Senior+

Study path / 09

System design

System design is the line between mid-level and senior. The interview is not "do you know X" but "can you design a system from scratch, in 45 minutes, that someone with operations experience would be willing to oncall for". This study path covers the twelve mental models that get reused on every design, then walks through a playbook of canonical questions — URL shortener, news feed, chat, rate limiter, notifications — at the depth and rigour a senior+ engineering loop expects.

New System Design Roadmap → 15 stages, ~80 topics, with an interactive architecture diagram. New The five principles → Performance vs scalability, latency vs throughput, availability vs consistency, consistency patterns, availability patterns. Long-form deep dives with interactive calculators. New Napkin math → Powers of two, latency numbers with proportional bars, the five derivations every interview asks, a live worksheet, and three worked examples.

Design playbook

A playbook of canonical designs

Nineteen sub-pages — URL shortener, pastebin, distributed KV, news feed, chat, rate limiter, notifications, then on through ride matching, typeahead, web crawler, object storage, and up to Twitter, Instagram, and Netflix. Each one is a full walkthrough: clarifying questions, capacity math, API and schema, the architecture diagram, the failure modes interviewers love to ask, and the trade-offs that separate a passing design from a great one.

Twelve mental models

The set of intuitions reused on every design.

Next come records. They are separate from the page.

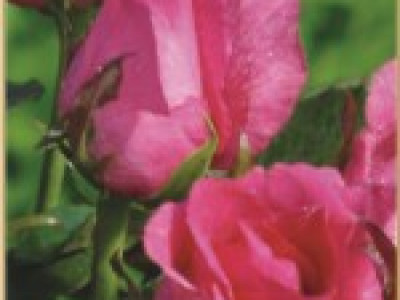   Храстовидна роза 014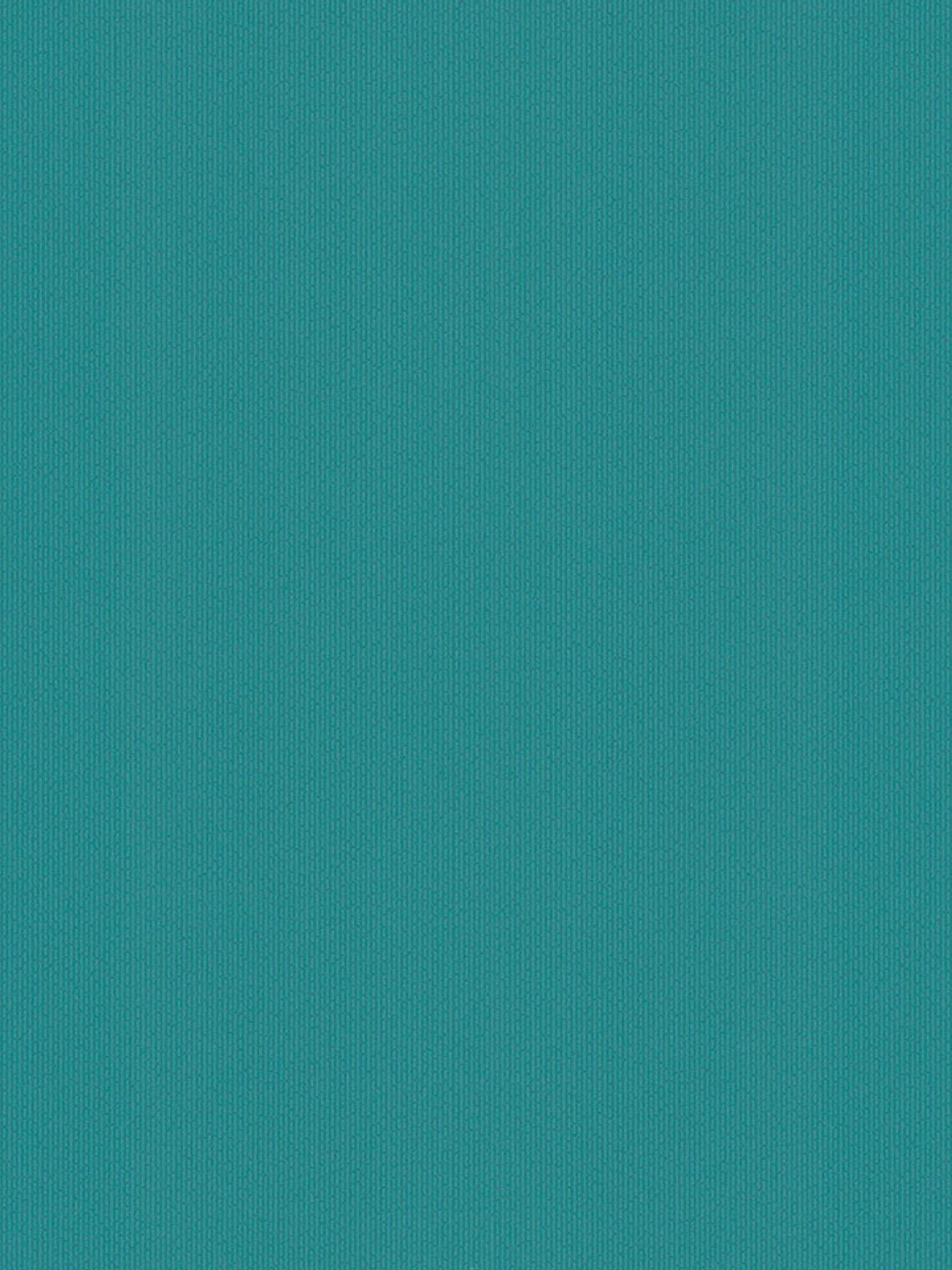 FLOCK 4 - 256096 (0 cm) - A.C. 1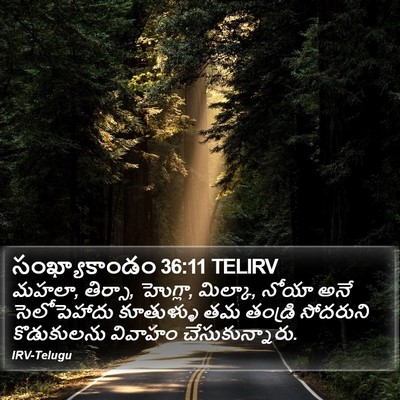 సంఖ్యాకాండం 36:11 TELIRV Bible Verse Image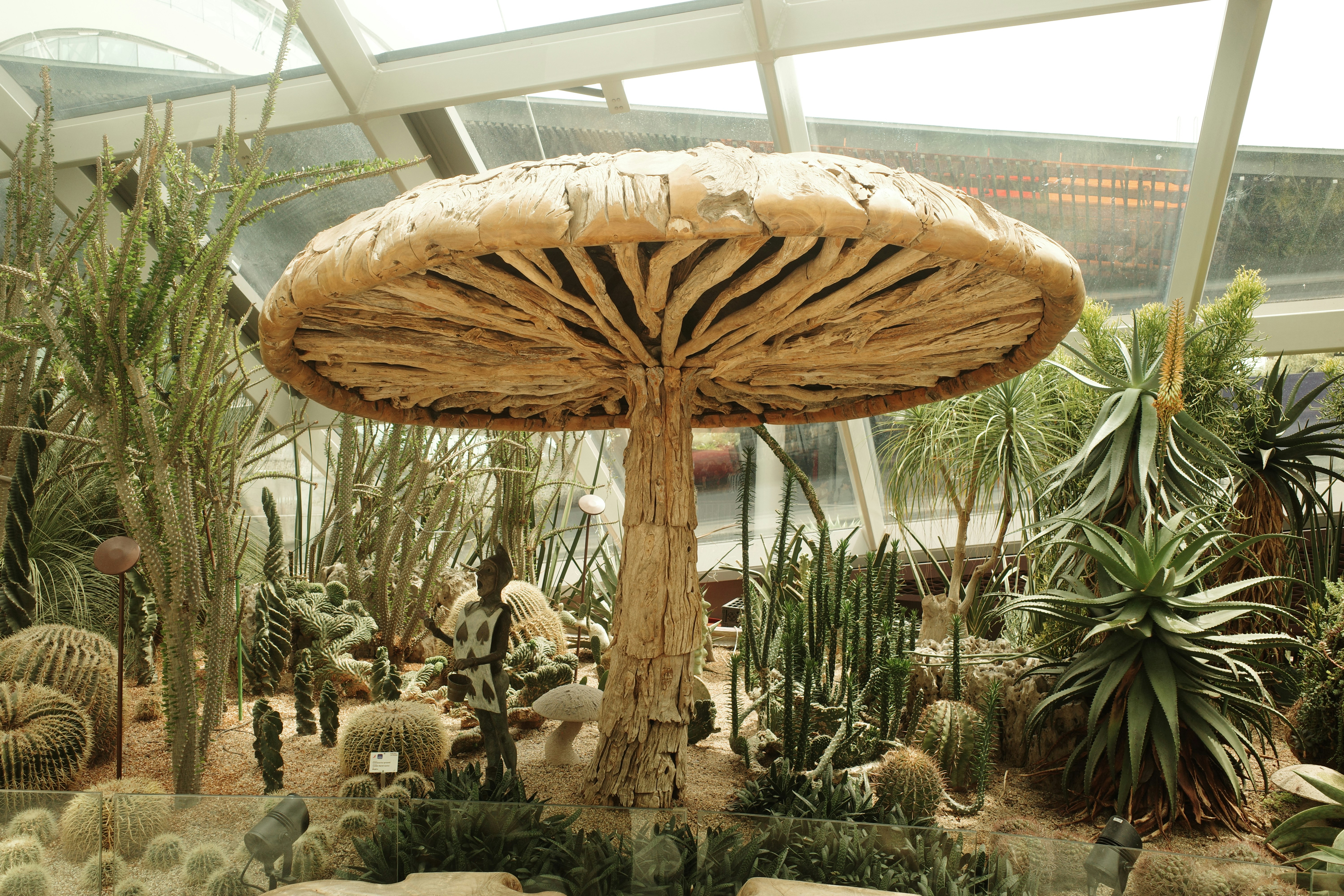 A group of plants that are inside of a building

Memorise and rehearse — most this design rounds are won or lost on which of these the candidate reaches for first.

01 · Day-zero
Capacity math is the design

Pick the QPS, the data size, the read/write ratio, and the P99 latency budget before drawing the first box. The architecture falls out of the numbers; designs that skip the math collapse at the first ten-x.
02 · Day-zero
Little's law in your head

Concurrency = arrival rate × latency. 10K RPS at 50 ms = 500 in-flight requests. Every queue, thread pool, and connection pool is sized by this one equation.
03 · Day-zero
Storage decides the shape

OLTP, OLAP, KV, document, time-series, vector, graph. The pick determines the read patterns the design must support — and locks in the rewrite cost when it’s wrong.
04 · Practitioner
CAP is a business decision

Network partitions are physical reality, not a design choice. Whether you sacrifice consistency or availability is a product question — phrase it that way to the room.
05 · Practitioner
Read-heavy versus write-heavy

The first axis after capacity. Caching solves reads; nothing solves writes except sharding. Designs that conflate the two get review-bombed.
06 · Practitioner
Hot keys are the real failure

A 99/1 distribution looks fine on paper and ruins one node in production. Designs that survive the interview talk about hot-key sharding, jitter, and probabilistic counting.
07 · Practitioner
Async needs a queue and a budget

Putting work on a queue is the easy half. The hard half is back-pressure: when the queue grows, what gets dropped, what gets retried, and who pays for the buffer.
08 · Practitioner
Idempotency is an API property

Not a server-side trick. Stripe’s "Idempotency-Key" header design is the canonical reference; design idempotency in at the API layer or you’ll re-discover it in an outage.
09 · Operator
Consistency lives at read-time

Quorum reads, monotonic reads, read-your-writes, bounded staleness. Most "we need consistency" requirements melt down to one of these — pick the cheapest one that satisfies the product.
10 · Operator
Multi-region is a different system

Active-passive vs. active-active vs. anycast-write. RPO and RTO are not free; designs that "just add a region" without addressing write conflicts and replication lag fail at promo time.
11 · Operator
Cost shapes architecture

$/QPS, $/GB-month, $/egress-TB. A correct design that triples the cloud bill is a wrong design. Show the cost line on the whiteboard before the room asks.
12 · Operator
Operability is the third axis

Logs, metrics, traces, SLOs, runbooks, on-call rotation, deploy strategy. A design that nobody can run at 3 a.m. is the system everyone refuses to own.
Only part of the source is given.